MARTHA has shared in the veneration paid to her sister. important part assigned to her in the history of Mary has already been adverted to; she is always represented as the instrument through whom Mary was converted, the one who led her first to the feet of the Saviour. "Which thing," says the story, "should not be accounted as the least of her merits, seeing that Martha was a chaste and prudent virgin, and the other publicly contemned for her evil life; and, notwithstanding Martha did not despise her, nor reject her as a sister, but wept for her shame, and admonished her gently and with persuasive words; and reminded her of her noble birth, to which she was a disgrace, and that Lazarus, their brother, being a soldier, would certainly get into trouble on her account. So she prevailed, and conducted her sister to the presence of Christ, and afterwards, as it is well known, she lodged and entertained the Saviour in her own house."

According to the Provençal legend, while Mary Magdalene converted the people of Marseilles, Martha preached to the people of Aix and its vicinity. In those days the country was ravaged by a fearful dragon, called the Tarasque, which during the day lay concealed in the river Rhone.
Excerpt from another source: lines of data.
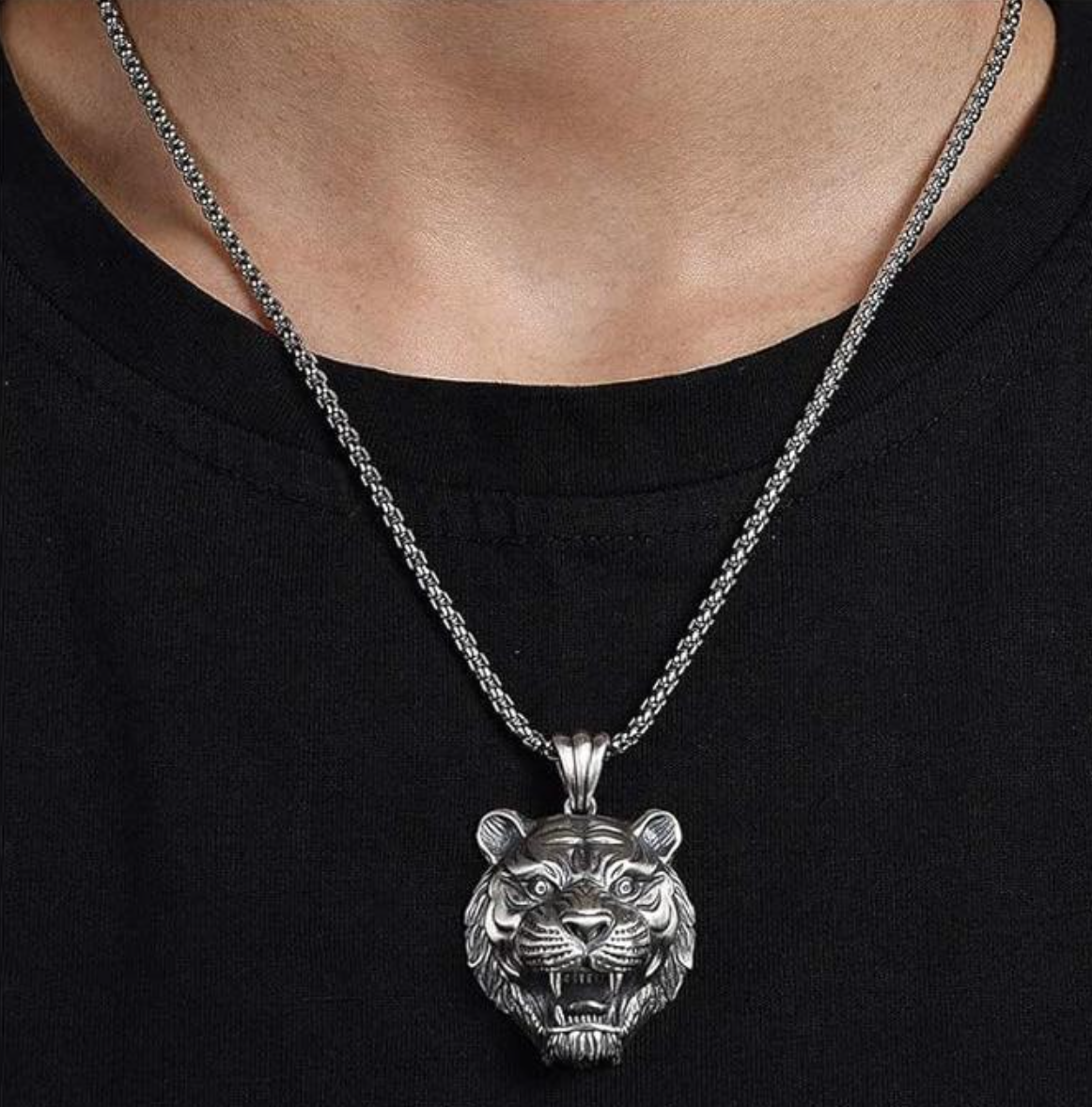 Cadena de Plata Dije Tigre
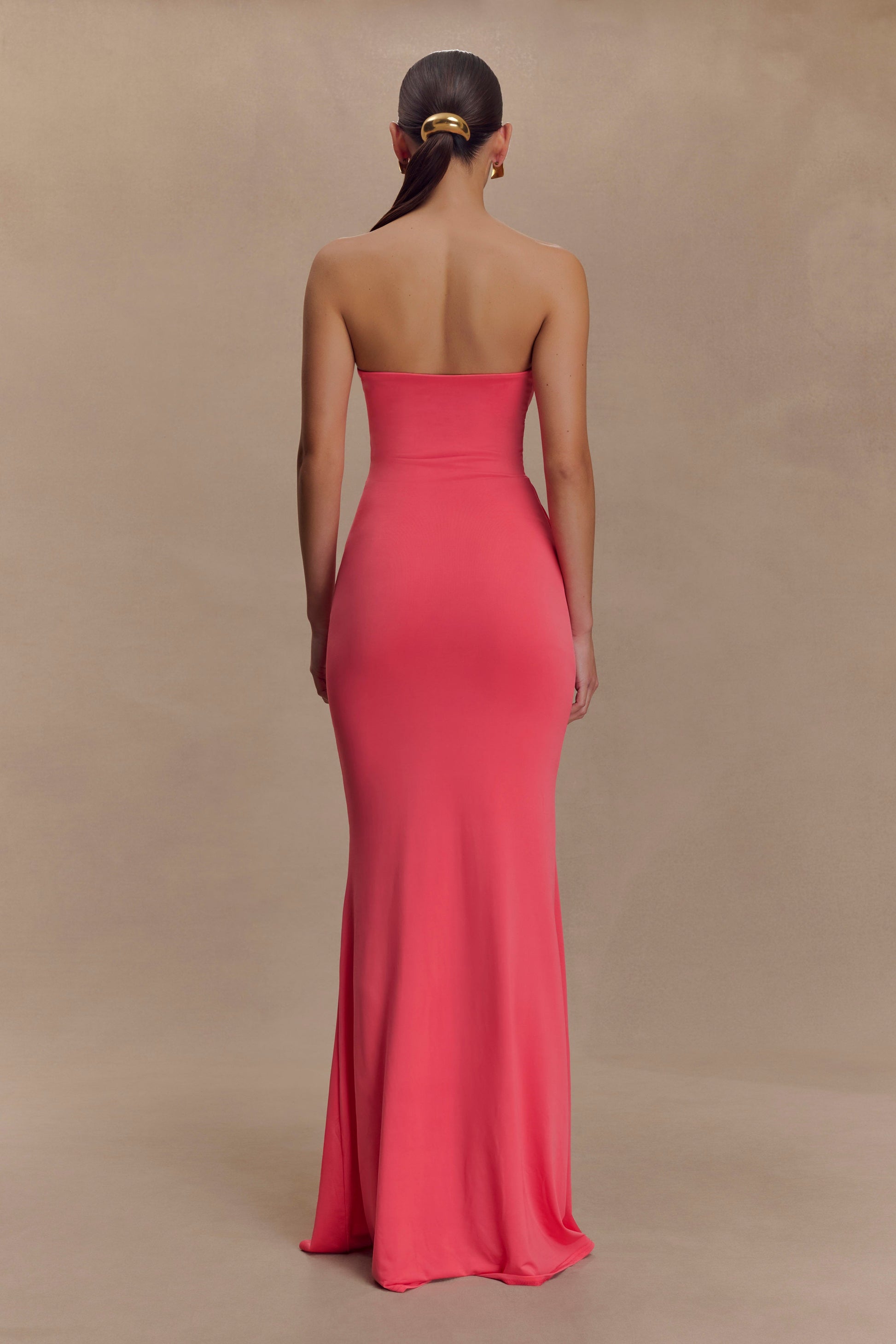Madison Strapless Slinky Maxi Dress - Coral Xs Madison Strapless Slinky Maxi Dress - Coral Xs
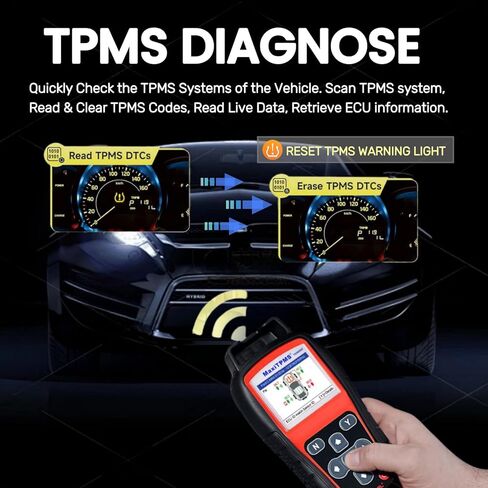 Autel MaxiTPMS TS508WF TPMS Relearn Tool, Upgrade of TS508 / TS408 TPMS Tool, Activate/Relearn All Sensors, Program Autel Sensors, TPMS Reset/Diagnosis, Read/Clear TPMS Code, Free Lifetime Update in Kuwait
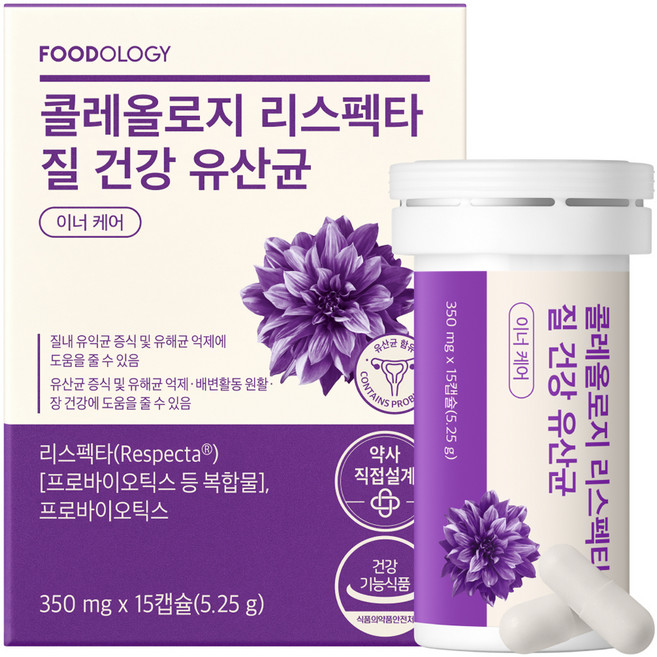 푸드올로지 콜레올로지 리스펙타 질 건강 유산균 5.25g, 1개, 15정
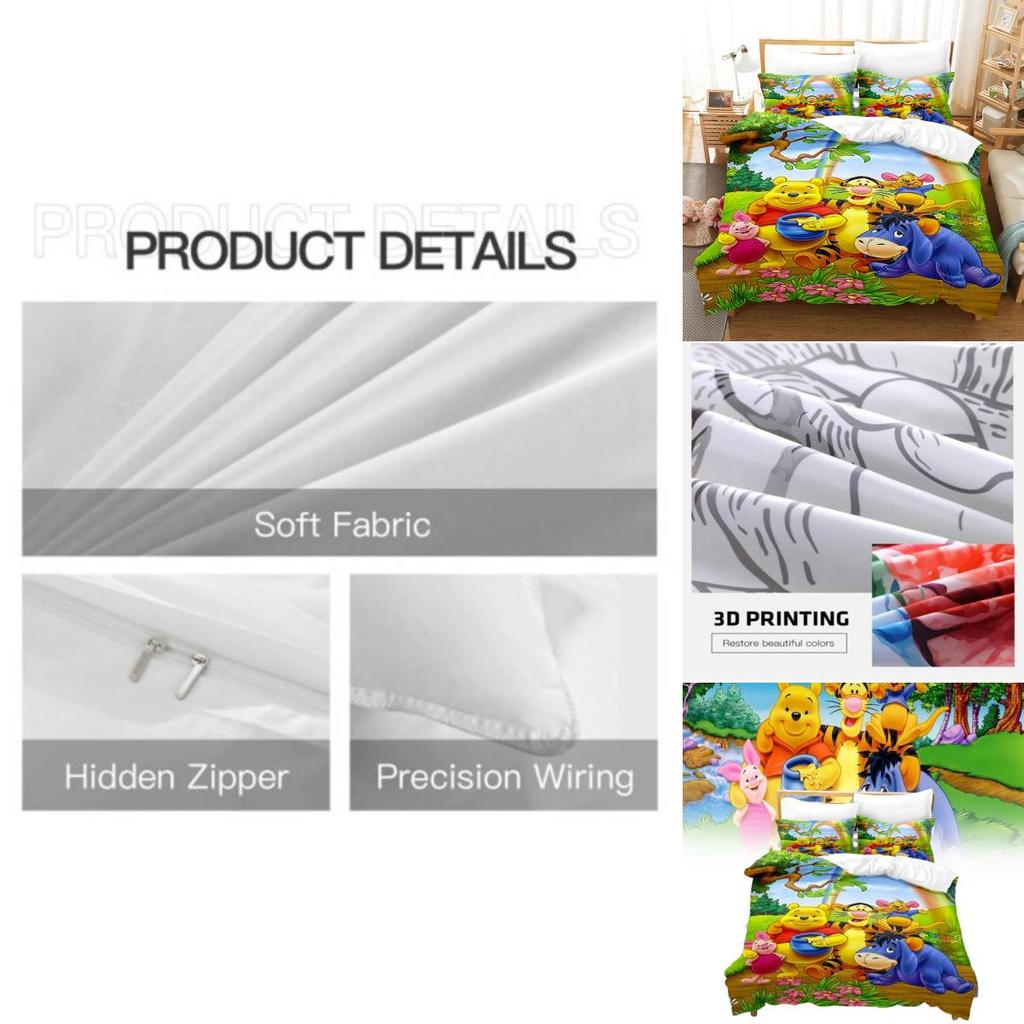 Winnie The Pooh Pattern Threepiece Bedding Set With Active Dyeing Technology For Bedroom Use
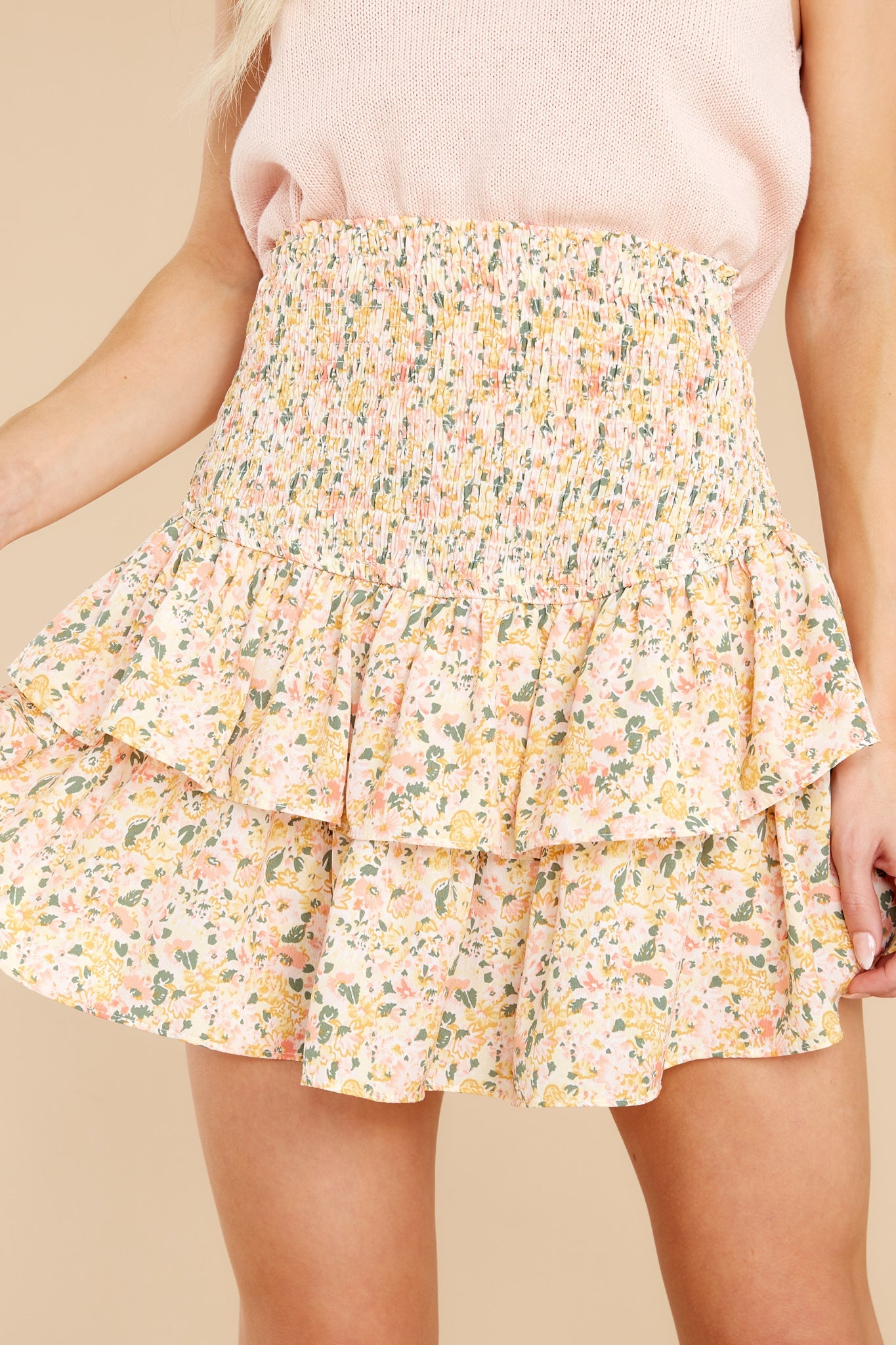 Innocent Heart Yellow Floral Print Skort
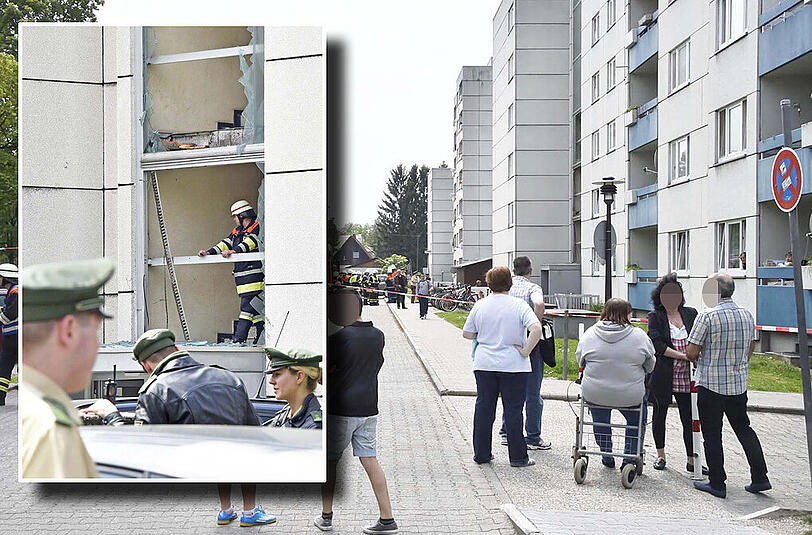 Die Scheiben sind herausgeflogen: In Garching hat es in einem Mehrfamilienhaus eine Explosion gegeben.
Martha overcame this monster by sprinkling him with holy water, and having bound him with her girdle (or, as others say, her garter), the people speedily put an end to him. The scene of this legend is now the city of Tarascon, where there is, or was, a magnificent church, dedicated to St. Martha, and richly endowed by Louis XI.

As Mary Magdalene is the patroness of repentant frailty, so Martha is the especial patroness of female discretion and good

« 前へ次へ »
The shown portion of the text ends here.